On Sunday, June 24, 1973, an arson fire engulfed the UpStairs Lounge, a gay bar in New Orleans. The fire, apparently started by a disgruntled patron who had been tossed from the bar earlier in the day, left 32 people dead—including a pastor for the Metropolitan Community Church that had been meeting in the bar Sunday mornings.
As Diane Anderson-Mishnall explains, in a great article for the Advocate, the MCC was only at the bar because their former building had been set on fire three times.
The article includes a heartbreaking picture of pastor Bill Larson—his charred body hanging out of a window as he tried to escape the flames. He was unable to get out because the window had been barred, but the photo captures his desperate attempt to escape.
The picture is a testament to great lengths LGBT people have had to take to be able to worship both in spirit and in truth. The MCC, founded just a few short years before this tragedy, in 1968, by Rev. Troy Perry, has survived many acts of violence in its history, including a fire of “suspicious origin” that destroyed its Los Angeles headquarters in 1973.
The denomination began for the simple reason that LGBT people were not welcome in mainstream congregations—not openly, anyway. Certainly, a large majority of music ministers in mainstream churches were serving in the closet, but not many churches were happy to have openly LGBT people in their pews, much less their pulpits.
It’s easy for us to forget, in our Will & Grace, Ellen DeGeneres, Adam Lambert world that LGBT people used to huddle together in bars and house churches, away from the cruel judgment of the world. Homosexuality was considered a sociopathic personality disorder by psychologists, and wasn’t removed from the diagnostic manual until 1973. But, LGBT people were still popularly associated with mental illness. This is the atmosphere that this MCC met in on the day this fire was set.
Forty years later, the latest data from the National Congregations Study reveals that
“Nearly three in ten U.S. congregations permit gays and lesbians in committed relationships to hold volunteer leadership positions, a major increase from the 19 percent of congregations in 2006-2007 that allowed such opportunities.”
The litany of denominations that have changed their stance toward LGBT people, not just in the pews, but in leadership roles like pastor, deacon or elder, would have blown the minds of those holding church in the bar all those years ago. Could they even imagined the doors and pulpits of the Evangelical Lutheran Church in America welcoming them, not to mention the Presbyterian Church, USA, or the Episcopal Church (as a bishop, no less!)? The United Methodist Church is lagging behind, but members continue to fight to move the church into the 21st century. Certainly, a tale like that would have made LGBT bargoers at the time spill their beer with laughter.
And yet … here we are. Church doors are opening, pulpits are welcoming and LGBT people are returning to the churches, even as many of their younger cohort walk away.
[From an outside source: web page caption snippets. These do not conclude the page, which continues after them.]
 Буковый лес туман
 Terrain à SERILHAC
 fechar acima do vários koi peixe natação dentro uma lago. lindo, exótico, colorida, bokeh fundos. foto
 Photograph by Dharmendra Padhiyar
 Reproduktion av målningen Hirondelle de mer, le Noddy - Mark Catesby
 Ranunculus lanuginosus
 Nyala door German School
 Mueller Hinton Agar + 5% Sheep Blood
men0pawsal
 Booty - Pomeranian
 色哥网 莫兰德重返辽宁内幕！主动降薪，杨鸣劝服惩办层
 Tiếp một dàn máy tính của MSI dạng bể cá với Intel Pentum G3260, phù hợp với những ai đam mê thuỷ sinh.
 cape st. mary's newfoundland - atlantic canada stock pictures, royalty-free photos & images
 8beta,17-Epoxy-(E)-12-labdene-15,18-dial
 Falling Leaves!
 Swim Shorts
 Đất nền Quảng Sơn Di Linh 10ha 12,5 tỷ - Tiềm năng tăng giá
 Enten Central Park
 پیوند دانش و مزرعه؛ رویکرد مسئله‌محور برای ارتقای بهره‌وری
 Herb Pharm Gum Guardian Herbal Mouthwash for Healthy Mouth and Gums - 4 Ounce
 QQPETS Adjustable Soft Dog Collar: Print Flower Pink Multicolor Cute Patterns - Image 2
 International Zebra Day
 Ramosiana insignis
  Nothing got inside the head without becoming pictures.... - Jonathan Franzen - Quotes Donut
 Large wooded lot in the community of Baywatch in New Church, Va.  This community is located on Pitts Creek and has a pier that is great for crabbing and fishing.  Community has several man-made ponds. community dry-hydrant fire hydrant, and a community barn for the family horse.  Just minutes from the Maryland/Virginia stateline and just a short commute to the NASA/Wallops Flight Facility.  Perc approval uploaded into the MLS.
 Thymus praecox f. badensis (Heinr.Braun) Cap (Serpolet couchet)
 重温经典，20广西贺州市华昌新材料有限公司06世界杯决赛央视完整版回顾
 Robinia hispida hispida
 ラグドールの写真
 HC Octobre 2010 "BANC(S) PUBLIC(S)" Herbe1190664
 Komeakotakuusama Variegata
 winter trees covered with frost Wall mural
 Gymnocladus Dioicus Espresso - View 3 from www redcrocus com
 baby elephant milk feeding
I think it’s understandable why LGBT people are flocking to both church and marriage while their heterosexual counterparts are forsaking both institutions at a growing rate. Our community has spent much of its history denied entry into both the church and marriage. Now that we have our opportunity to emerge from the shadows, to show our faces and be proud of who we are who we love, we want to try our hand at institutions that are brand new to us.
There may be a day when church leadership and membership, as well as marriage, is old hat to us. Until then, we will relish our new found freedoms, even as we remember the pioneers who gave their lives to make it possible.